The Applicant agrees that;(a) this Agreement represents the entire Agreement between the Applicant and Askari Electric (Pty) Ltd (hereinafter referred to as “the Company”);(b) the terms and conditions contained herein represents and constitutes the entire terms and conditions to any Agreement between the Applicant and The Company;(c) no alterations or additions or variations to any term or condition of this Agreement may be effected unless agreed to by both parties, reduced to writing and signed by the Applicant and a duly written authorized representative of the Company except for where otherwise provided in this terms and conditions;(d) these terms and conditions will govern all future and existing contractual relationships between the parties, in any form, manner or place;(e)these terms and conditions are applicable to all existing debts and future debts between the parties;(f) this agreement consisting of the terms and conditions contained herein is final and binding and is not subject to any suspensive or dissolutive conditions;(g) any conflicting terms and/or conditions stipulated by the Customer are expressly excluded and the Applicant acknowledges that by entering into an agreement (of any kind whatsoever) with the Company shall be governed by these terms and conditions and the Customer consents to such terms and conditions freely without any inducement to enter into such agreement with such terms and conditions;(h) these terms and conditions supersedes all previous terms and conditions of any agreement/s without prejudice to any securities or guarantees held by the Company; and (i)these terms and conditions apply to all servants, subcontractors or agents of the Company.

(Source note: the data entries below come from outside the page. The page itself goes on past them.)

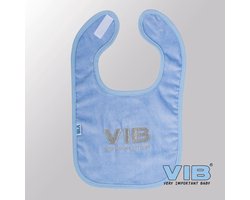 VIB® - Slabbetje Luxe velours - VIB Blue Silver - Babykleertjes - Slabbetjes - zwangerschap aankondiging - baby aankondiging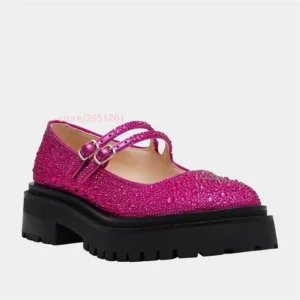 Crystal Buckle Platform Leather Loafers with Elevated Heel for Women's Formal Wear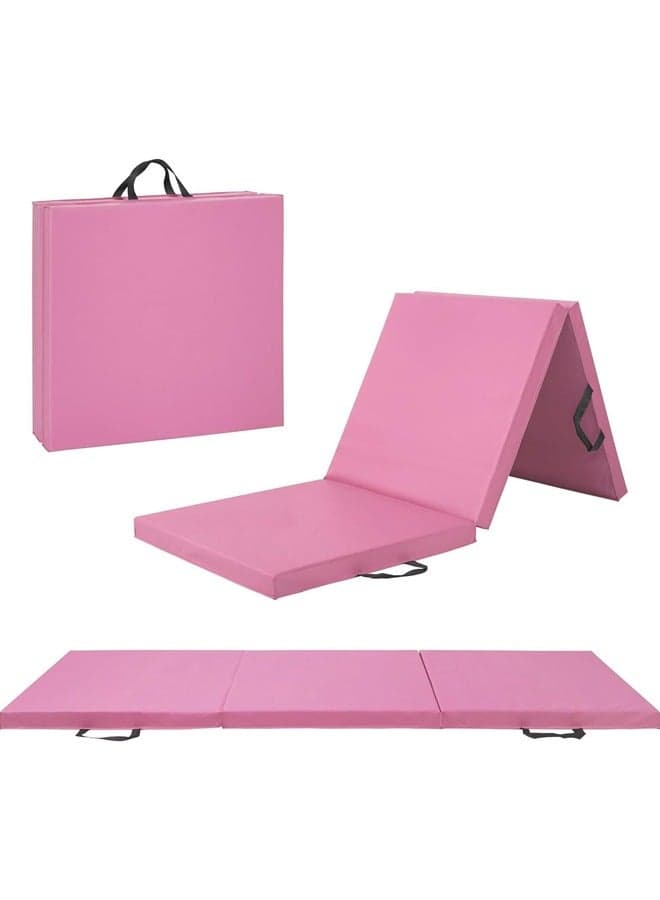 Foldable Gymnastics Gym Exercise Aerobics Mat,PU Leather Tumbling Mat with Hook & Loop Fastener for Stretching Yoga Cheerleading Martial Arts-Versatile Fitness Mat for Home Workout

  1. CHANGE OF ADDRESS The Applicant and I undertake to notify the Company immediately in writing of any changes of address.
  2. CHANGE OF OWNERSHIIP IN THE APPLICANT The Applicant undertakes to notify the Company in writing within 7 (seven) days af any change of the ownership of the Applicant. The Applicant acknowledges that upon any change of ownership in the Applicant any outstanding amount whether due

    or not shall be deemed to be immediately payable by the Applicant to the Company.

  3. PRODUCT WARRANTY.
    3.1: Subject to any applicable law, any goods sold to the Applicant will carry a twelve-month manufacturer’s warranty from the date of sale, against latent manufacturing defects only and no other liability shall arise on the part of the Company for any representation or warranty made or alleged to have been made at any time in respect of the goods sold by the Company to the Applicant. 3.2 The lifespan of the goods sold by the Company, is an approximate estimate only and the warranty period relating to such goods shall be the applicable period for the purposes of any claim by the Applicant. 3.3 Subject to applicable law, the Company’s liability in respect of any valid warranty claim based on defective goods shall be limited to repairing or replacing such defective goods at the discretion of the Company during any warranty period, provided that such defective goods are returned to the Company in their original state and at the Applicant’s cost, within the applicable warranty period. In circumstances where the goods are not manufactured by the Company, the Company’s liability shall in no circumstances be extended beyond any corresponding liability of the manufacturer or supplier of such goods to the Company.
  4. PROPSAL TO RETURN NON-DEFECTIVE GOODS TO THE COMPANY.
    14.1: In circumstances where the Applicant wishes to return non-defective goods to the Company for credit, the Company may, in its sole and absolute discretion (subject to applicable law), agree to the return of such goods subject to the goods being new, unused, in their original packaging and in saleable condition. The Applicant shall be obliged to provide written proof of having purchased the goods from the Company.
    14.2: Subject to applicable law, the Company shall be entitled to a minimum of 20% handling fee for goods which are returned for credit.
    14.3: Notwithstanding the prevailing price of the goods at the time that they are returned to the Company, the price reflected on the Applicant’s proof of purchase shall be the price credited by the Company to the Applicant for the return of the goods, less the handling fee.